**Supplied data:**
------------------------------
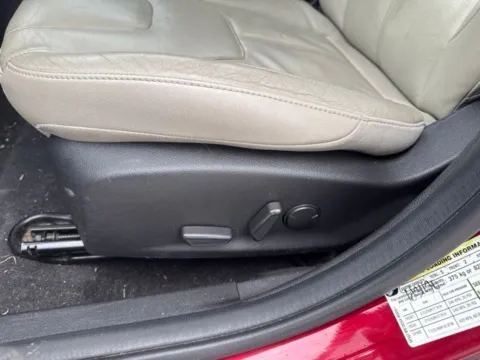 More photos of 2015 Ford Focus Titanium at Lakeway Auto Sales, TN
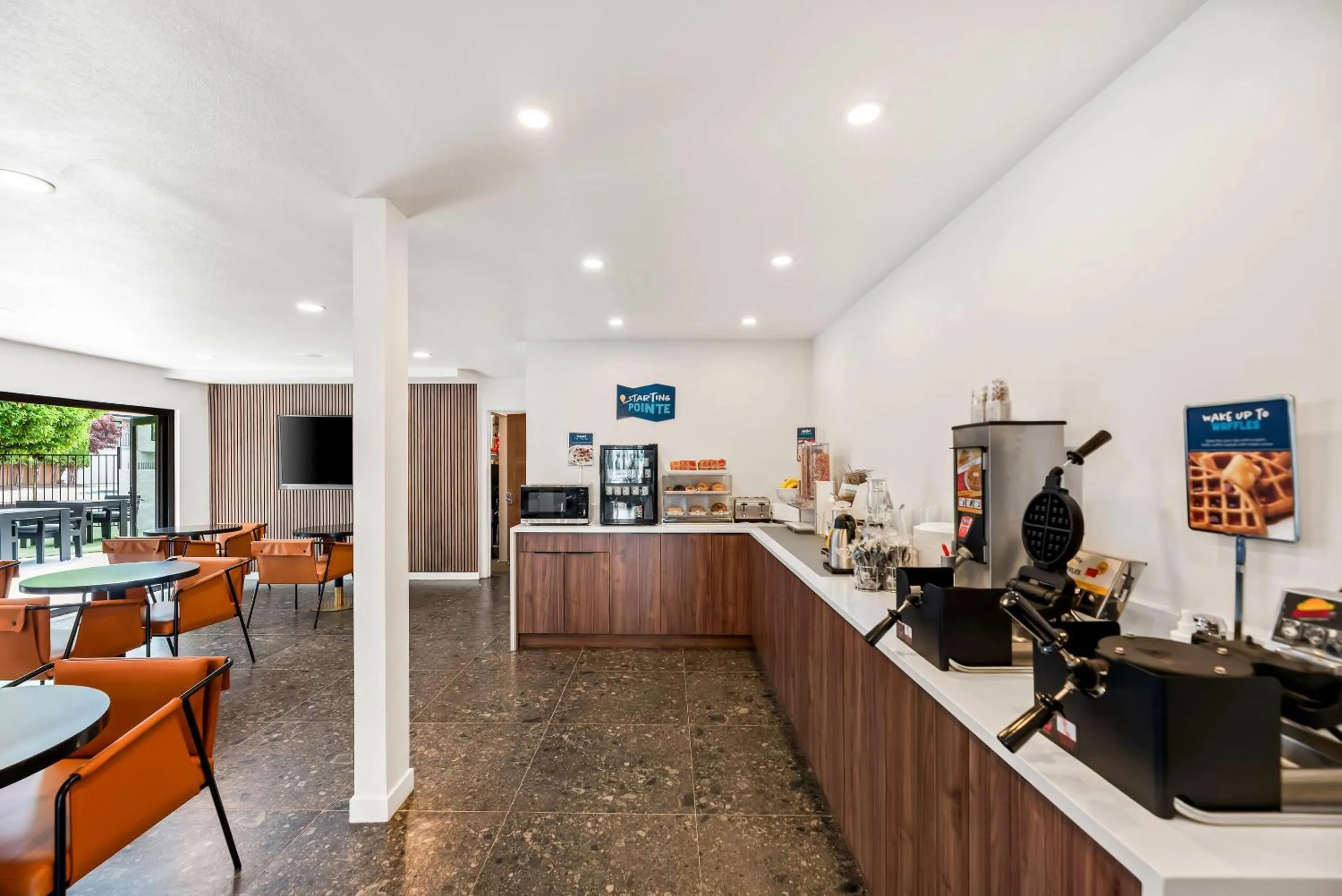 Breakfast in Clarion Pointe Mount Vernon - Burlington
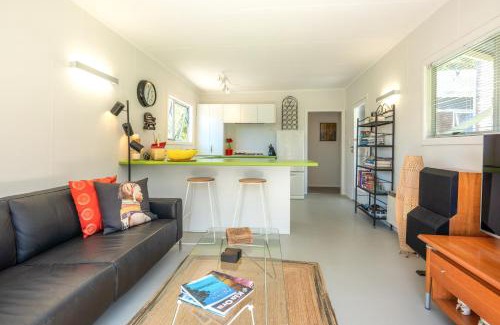 Onetangi House | Four Palms Cottage - Onetangi Holiday Home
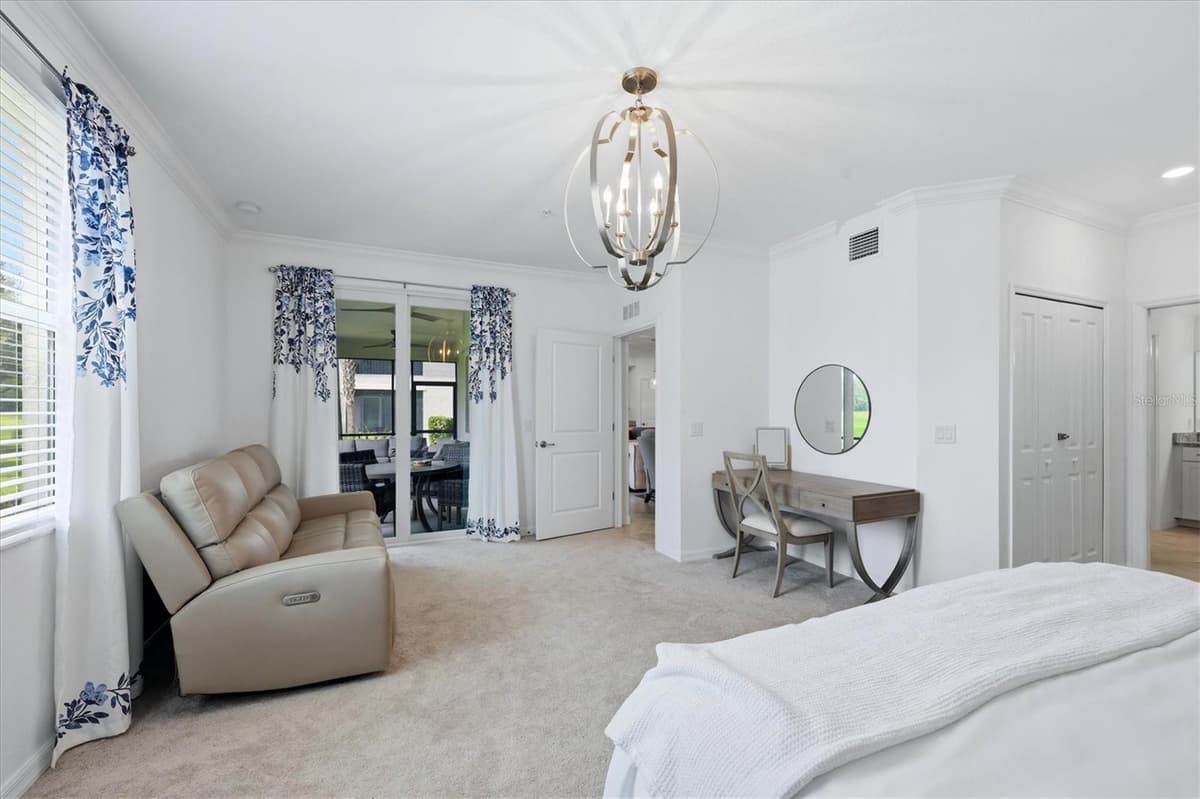 14648 SYCAMORE COURT — photo 19 of 47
------------------------------
**Task to complete:**
Exclude the pictures and print the rest of the data exactly.

**Task answer:**
 More photos of 2015 Ford Focus Titanium at Lakeway Auto Sales, TN
 Breakfast in Clarion Pointe Mount Vernon - Burlington
 Onetangi House | Four Palms Cottage - Onetangi Holiday Home
 14648 SYCAMORE COURT — photo 19 of 47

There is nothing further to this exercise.